La siguiente cita fue el mundial de México 1970, en el que Italia jugó razonablemente bien y, aun con ciertos apuros, consiguió llegar a semifinales. Allí esperaba ni más ni menos que Alemania Occidental. Los germanos venían de eliminar a toda una Inglaterra, por lo que se les consideraba grandes favoritos; sin embargo, Italia se adelantó pronto, por medio de Boninsegna, y se dedicó el resto del partido a aguantar el marcador. Lo consiguió hasta más allá del minuto 90: el árbitro, señor Yamasaki (pese al nombre, peruano nacionalizado mexicano), decidió añadir dos minutos más, algo inédito en aquel entonces, y Schnellinger aprovechó para empatar. La prórroga fue tan vibrante que, gracias a ella, todas las crónicas recuerdan esta tarde en el Estadio Azteca como el “partido del siglo”. Marcó “Torpedo” Müller para Alemania en el 94, empató Burgnich en el 98, adelantó Riva a Italia en el 104, volvió a empatar Müller en el 110 y puso Rivera el definitivo 4-3 en el 111.

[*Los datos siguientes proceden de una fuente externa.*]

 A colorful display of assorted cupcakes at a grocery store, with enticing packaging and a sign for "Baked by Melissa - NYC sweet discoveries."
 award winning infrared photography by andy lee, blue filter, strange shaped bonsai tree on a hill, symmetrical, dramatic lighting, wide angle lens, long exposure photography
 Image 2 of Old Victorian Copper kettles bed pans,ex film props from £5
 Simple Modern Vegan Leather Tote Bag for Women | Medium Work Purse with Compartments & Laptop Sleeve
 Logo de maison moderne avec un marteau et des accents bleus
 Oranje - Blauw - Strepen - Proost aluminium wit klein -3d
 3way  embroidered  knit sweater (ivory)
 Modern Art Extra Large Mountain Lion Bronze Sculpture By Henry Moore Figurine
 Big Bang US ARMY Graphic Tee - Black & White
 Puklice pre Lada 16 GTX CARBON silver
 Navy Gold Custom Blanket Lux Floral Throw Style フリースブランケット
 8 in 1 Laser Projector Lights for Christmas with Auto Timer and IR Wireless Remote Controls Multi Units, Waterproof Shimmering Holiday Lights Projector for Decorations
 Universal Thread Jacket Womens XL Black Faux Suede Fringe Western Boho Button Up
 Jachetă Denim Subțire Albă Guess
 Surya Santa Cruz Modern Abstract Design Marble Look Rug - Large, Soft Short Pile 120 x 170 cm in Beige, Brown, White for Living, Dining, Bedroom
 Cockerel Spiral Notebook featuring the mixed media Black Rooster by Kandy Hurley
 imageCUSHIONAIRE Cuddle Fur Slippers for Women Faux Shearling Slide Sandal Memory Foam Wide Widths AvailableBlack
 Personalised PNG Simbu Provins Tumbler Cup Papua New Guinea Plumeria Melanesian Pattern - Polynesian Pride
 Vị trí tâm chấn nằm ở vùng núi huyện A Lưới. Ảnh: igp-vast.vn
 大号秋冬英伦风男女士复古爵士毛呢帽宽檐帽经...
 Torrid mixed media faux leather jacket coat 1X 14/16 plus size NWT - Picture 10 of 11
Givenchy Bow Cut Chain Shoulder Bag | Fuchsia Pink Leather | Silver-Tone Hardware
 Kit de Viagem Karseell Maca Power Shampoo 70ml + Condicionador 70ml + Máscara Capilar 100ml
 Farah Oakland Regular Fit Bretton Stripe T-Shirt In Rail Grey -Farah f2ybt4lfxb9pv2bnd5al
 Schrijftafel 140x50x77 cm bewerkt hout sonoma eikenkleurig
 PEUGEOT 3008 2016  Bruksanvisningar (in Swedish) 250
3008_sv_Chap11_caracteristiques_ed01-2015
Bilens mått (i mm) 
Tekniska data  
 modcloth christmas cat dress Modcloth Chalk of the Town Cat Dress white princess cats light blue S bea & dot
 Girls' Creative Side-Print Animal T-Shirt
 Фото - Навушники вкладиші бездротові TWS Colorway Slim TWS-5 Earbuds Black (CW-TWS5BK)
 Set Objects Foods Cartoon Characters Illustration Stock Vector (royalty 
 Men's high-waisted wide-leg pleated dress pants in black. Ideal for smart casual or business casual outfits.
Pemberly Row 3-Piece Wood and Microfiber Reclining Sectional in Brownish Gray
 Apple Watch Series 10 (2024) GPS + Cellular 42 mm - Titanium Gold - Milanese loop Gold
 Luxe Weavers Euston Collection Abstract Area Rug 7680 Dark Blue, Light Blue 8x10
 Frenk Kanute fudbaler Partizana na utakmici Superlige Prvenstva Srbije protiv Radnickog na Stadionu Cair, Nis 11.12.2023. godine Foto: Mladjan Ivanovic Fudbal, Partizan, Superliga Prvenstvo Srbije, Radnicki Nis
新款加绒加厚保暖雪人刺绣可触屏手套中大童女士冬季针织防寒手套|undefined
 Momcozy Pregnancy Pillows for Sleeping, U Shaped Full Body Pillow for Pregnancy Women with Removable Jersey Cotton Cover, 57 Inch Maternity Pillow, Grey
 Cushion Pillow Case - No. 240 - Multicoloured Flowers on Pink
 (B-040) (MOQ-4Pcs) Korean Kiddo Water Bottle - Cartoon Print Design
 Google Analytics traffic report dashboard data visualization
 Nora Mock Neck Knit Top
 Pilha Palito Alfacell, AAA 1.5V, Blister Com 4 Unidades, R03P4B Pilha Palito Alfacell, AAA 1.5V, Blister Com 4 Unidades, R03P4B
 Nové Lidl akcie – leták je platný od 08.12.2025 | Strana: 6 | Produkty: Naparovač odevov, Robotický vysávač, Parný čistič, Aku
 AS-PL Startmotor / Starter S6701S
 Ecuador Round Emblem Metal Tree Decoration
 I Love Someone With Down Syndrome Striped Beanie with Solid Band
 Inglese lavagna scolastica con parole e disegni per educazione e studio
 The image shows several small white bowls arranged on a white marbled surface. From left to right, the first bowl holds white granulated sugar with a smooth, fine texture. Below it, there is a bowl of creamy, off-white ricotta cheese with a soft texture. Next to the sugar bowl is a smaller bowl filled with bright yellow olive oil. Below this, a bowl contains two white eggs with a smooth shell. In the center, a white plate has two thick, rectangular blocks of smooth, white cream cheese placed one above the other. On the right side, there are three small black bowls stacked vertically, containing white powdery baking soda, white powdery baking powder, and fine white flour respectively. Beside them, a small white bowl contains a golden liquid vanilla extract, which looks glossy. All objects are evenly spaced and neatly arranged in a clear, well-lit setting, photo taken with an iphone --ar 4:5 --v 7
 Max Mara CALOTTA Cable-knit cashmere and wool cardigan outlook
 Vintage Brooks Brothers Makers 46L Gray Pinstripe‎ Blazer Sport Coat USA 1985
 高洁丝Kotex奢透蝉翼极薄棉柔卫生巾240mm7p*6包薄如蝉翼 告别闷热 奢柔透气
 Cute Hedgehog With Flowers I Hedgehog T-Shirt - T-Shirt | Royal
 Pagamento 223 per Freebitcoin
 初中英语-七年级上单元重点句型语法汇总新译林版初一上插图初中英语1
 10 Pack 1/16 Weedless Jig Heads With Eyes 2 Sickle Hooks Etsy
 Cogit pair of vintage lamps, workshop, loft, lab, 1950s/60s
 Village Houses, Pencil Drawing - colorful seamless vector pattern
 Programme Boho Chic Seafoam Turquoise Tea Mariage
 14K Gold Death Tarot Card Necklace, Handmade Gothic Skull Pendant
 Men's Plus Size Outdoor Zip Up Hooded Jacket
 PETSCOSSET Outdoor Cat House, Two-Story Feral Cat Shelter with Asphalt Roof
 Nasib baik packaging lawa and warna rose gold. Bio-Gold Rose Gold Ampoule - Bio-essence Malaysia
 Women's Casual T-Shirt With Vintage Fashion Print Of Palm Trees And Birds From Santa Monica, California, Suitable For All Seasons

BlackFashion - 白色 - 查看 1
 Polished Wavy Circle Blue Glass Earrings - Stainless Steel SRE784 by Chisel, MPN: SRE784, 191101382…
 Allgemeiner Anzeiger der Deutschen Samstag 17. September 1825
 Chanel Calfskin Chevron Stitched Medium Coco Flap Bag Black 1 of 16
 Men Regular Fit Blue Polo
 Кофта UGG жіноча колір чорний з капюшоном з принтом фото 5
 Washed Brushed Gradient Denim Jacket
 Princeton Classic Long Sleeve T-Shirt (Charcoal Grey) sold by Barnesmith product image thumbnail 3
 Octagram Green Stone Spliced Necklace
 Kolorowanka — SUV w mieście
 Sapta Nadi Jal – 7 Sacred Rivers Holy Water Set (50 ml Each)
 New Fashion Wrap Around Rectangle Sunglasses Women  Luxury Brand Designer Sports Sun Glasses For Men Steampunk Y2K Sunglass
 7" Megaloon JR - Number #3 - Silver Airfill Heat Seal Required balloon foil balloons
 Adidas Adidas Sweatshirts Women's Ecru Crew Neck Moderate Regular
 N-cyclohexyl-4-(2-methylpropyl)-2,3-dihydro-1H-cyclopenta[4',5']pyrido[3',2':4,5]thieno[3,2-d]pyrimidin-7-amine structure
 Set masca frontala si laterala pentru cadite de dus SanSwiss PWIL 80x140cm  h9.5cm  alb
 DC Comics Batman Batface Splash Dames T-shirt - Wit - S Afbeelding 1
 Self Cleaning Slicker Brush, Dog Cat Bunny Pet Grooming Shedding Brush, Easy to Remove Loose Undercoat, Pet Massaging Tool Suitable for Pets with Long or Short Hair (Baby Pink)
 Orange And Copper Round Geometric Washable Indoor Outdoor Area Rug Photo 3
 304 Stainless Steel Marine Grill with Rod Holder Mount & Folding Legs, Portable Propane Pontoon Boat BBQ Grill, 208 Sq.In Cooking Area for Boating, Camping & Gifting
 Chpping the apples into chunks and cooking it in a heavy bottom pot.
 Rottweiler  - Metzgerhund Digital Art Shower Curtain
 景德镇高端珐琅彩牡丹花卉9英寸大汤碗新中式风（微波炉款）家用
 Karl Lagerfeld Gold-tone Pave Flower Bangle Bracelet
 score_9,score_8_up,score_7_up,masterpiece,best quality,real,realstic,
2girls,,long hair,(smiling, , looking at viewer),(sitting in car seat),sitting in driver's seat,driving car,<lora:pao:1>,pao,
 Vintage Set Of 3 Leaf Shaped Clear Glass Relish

La final era un partido importantísimo, ya que, si ganaba, se proclamaría tricampeona del mundo. Pero Italia hizo tal esfuerzo para imponerse a Alemania, durante 120 minutos a más de 2.000 metros de altitud en el tórrido julio mexicano, que el día de la final los jugadores no podían ni con las botas. Entre eso y que enfrente estaba Brasil, con gente como Jairzinho, Gérson, Tostão, Rivelino o incluso Pelé en sus filas, cualquier esfuerzo se hizo inútil. O Rei abrió el marcador, y aunque Boninsegna llegó a empatar, en el segundo tiempo la Canarinha pasó el rodillo: el 4-1 final dio el título a los americanos, que, como también vencían por tercera vez, se quedaron en propiedad la copa que Jules Rimet mandara diseñar 40 años atrás. Y de paso se pusieron tres estrellitas sobre su escudo, una por cada título, copiando la costumbre que se venía usando en la Serie A italiana desde 1958.

La época de los récords

La década de los ’70 no será recordada por los éxitos de la selección italiana a nivel colectivo, sino por un par de registros individuales muy meritorios. Gigi Riva consiguió dejar su marca de goles con la Nazionale en 35, registro todavía por superarse y que, visto lo visto, durará bastante. Aún más tiene pinta de ir a aguantar la plusmarca del guardameta Dino Zoff, que fue capaz de mantener su portería imbatida durante 1.142 minutos consecutivos, algo que, en selecciones, no tiene parangón. La muralla entre los tres palos permaneció cerrada hasta el mundial de 1974; el honor de abrirla corresponde a Emmanuel Sanon, de la selección de Haití. No hubo nada más digno de recordarse en aquel campeonato, que Italia concluyó tercera en su grupo de la primera fase. Tampoco se vieron camisetas azules en las eurocopas de 1972 y 1976.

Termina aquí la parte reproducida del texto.